JennToo commented 1 year ago

I did a re-read of how we do the timeout logic in the manager object and I didn't spot any obvious bugs. It is a little complicated though, so there could certainly be something wrong with it.

JennToo commented 1 year ago

We actually spawn a thread too, all the NC-level protocol stuff happens on that thread and the future is what the client thread is using.

I guess it is possible though that something (possibly paramiko) is making a blocking call into some C thing with the GIL held. That would prevent the other python threads from running

APCBoston commented 1 year ago

My hypothesis is that there's a simple solution of calling channel.settimeout(general_timeout) in connect_ssh. Testing that now...

APCBoston commented 1 year ago

Quick update: channel.settimeout() didn't hurt anything, but I ultimately discovered that a timeout error was not my friction point. Instead, I have a much odder problem, one that none of the Python experts in my own network can make heads or tails of, and that (I say this advisedly) could be a bug in the Python interpreter itself (CPython 3.10, CPython 3.11).

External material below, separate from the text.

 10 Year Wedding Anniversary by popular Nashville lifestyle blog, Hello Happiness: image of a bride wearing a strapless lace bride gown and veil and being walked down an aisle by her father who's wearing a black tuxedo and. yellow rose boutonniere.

The thing I ran into is described below, though it is not -this- issue and may not be a netconf_client issue at all, I'm including it here for reference and in case anybody coming across this has the answer. I'm inclined to leave this issue open until I've generated a socket timeout and watched it get handled correctly or incorrectly, which is in my near-term (4-8 week) backlog.

Weird error details below the cut I had an `asyncio` coroutine calling `netconf_client` 's `Manager.dispatch()` method to send an RPC. This in turn filters down through a series of `netconf_client` and `paramiko` calls to a `paramiko` `Transport` object, which does the socket-level stuff in a separate thread. (Transport in fact subclasses `threading.Thread`). `netconf_client` creates a concurrent.futures.Future (which I have learned is similar but not the same as an AIO Future) to await the response from the device. I found that when the device was dead, the following were true: 1. Paramiko instantly raised a `socket.error` exception and passed it back to `netconf_client`. 2. `netconf_client` caught the exception, logged, and re-raised 3. If I provoked the behavior through the REPL or pdb debugging session, that same exception would immediately propagate up to that REPL or debugger session, where I'd see it in the terminal. You know, like you expect exceptions to do. Stack trace and all. (I have since learned that `asyncio` provides a _separate_ async REPL. Haven't tried this yet) 4. HOWEVER, if the same code was called from an aio coroutine, that coroutine would hang forever. If I subsequently broke in with the debugger, I could see an event loop churning forever, doing nothing. 5. BUT WAIT, THERE's MORE: when I added an explicit handler for that specific exception (`except sock.error:` ... ), in the coroutine function, the behavior returned to normal , the exception was caught and handled per that code block, etc etc Thanks to #5, I got my code to work, but it bugs me that I don't understand in the slightest why 3-5 happen the way they do.
JennToo commented 1 year ago

Wow! Yeah that's very strange indeed.

Some day I'd like for this library to be properly AIO-aware and compatible. It was written well before that stuff got standardized, but long term it'd be good to just make it async-native. I guess we'd also need (or at least want) an async-friendly SSH library too though or it'd be a bit moot.

Realistically it'd be nearly a rewrite though, and at least for the way our company uses this library (mainly just for integration testing), it probably won't get priority any time soon.

I'll change this bug's title to reflect what you found and leave it open, just in case anyone else ever stumbles into this. But it sounds like there's not much we can do to fix it within this library.

APCBoston commented 1 year ago

Okay, this came back up for me earlier this month and after a lot of digging I believe I have found the ur-source of the problem at https://github.com/ADTRAN/netconf_client/blob/280d9d6e19828ae7c96d359ee3e2729b44e63a48/netconf_client/session.py#L107C1-L115C1.

Things I have learned:

In my case, I found that an adequate workaround was to call Session.thread.is_alive() before making a periodic RPC to check if the device is still there.